Dès sa nomination, il a continué ce qu’il avait déjà commencé lorsqu’il fut ministre de l’Industrie. La cible ? C’est la Caisse générale de compensation. Il faut dire que cette Caisse est la bête noire des instances de Bretton Woods et la Tunisie n’est pas imperméable aux exigences des bailleurs de fonds internationaux. Pour la troisième fois depuis son adhésion en 1958, la Tunisie recourt au FMI.
En outre, Jomâa n’a rien entrepris, depuis son investiture, quant à l’allègement du fardeau fiscal sur les salariés, autrement dit sur les couches populaires et la classe moyenne assommées, qu’ils sont, par les impôts, devenus à ce niveau, quasiment confiscatoires. Ainsi, il rate une réforme attendue, celle de la justice fiscale.
À contrario, M. Jomâa a annoncé aux Tunisiens qu’ils doivent faire plus de sacrifices. Entendez par là des sacrifices en matière de salaires, subventions, dépenses sociales, impôts, etc. Houcine Abassi, secrétaire général de l’UGTT, a répondu à juste titre : « Quels sacrifices pouvons-nous demander à un ouvrier qui gagne 270 dinars ou à un fonctionnaire qui gagne 400 dinars par mois ? »

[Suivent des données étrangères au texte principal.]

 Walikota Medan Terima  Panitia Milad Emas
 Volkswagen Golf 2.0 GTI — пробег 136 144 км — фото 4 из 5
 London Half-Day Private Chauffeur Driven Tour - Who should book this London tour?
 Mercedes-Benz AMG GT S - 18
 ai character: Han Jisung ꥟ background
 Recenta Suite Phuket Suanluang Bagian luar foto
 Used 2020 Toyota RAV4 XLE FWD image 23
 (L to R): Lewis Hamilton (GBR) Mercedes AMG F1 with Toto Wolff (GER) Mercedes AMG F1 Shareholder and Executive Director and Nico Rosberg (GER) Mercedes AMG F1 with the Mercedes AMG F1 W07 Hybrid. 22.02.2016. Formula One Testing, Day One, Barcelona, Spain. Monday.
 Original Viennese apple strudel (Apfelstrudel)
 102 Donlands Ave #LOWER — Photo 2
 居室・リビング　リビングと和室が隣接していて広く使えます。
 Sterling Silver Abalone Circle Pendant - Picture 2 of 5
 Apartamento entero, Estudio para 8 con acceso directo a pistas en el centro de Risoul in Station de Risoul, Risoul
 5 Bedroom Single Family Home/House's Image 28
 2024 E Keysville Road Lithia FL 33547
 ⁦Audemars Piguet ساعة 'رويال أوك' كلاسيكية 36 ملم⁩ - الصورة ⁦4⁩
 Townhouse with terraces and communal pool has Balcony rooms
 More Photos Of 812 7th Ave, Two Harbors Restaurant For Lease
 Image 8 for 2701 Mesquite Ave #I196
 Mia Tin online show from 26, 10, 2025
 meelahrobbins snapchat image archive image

Au problème de l’inflation, M. Jomâa ne se manifeste pas. En ce qui concerne la régulation du marché et la création d’outils macro économiques et juridiques, pour limiter la hausse du coût de la vie, Jomâa n’y est pas, non plus. Les jeunes tunisiens sont sortis dans la rue, et ont défié la dictature et son appareil sécuritaire pour demander une baisse du coût de la vie, devenu impossible à supporter et non pour demander la résolution de problèmes liés à l’alternance au pouvoir. Après la Révolution, l’indice général des prix est en hausse exponentielle.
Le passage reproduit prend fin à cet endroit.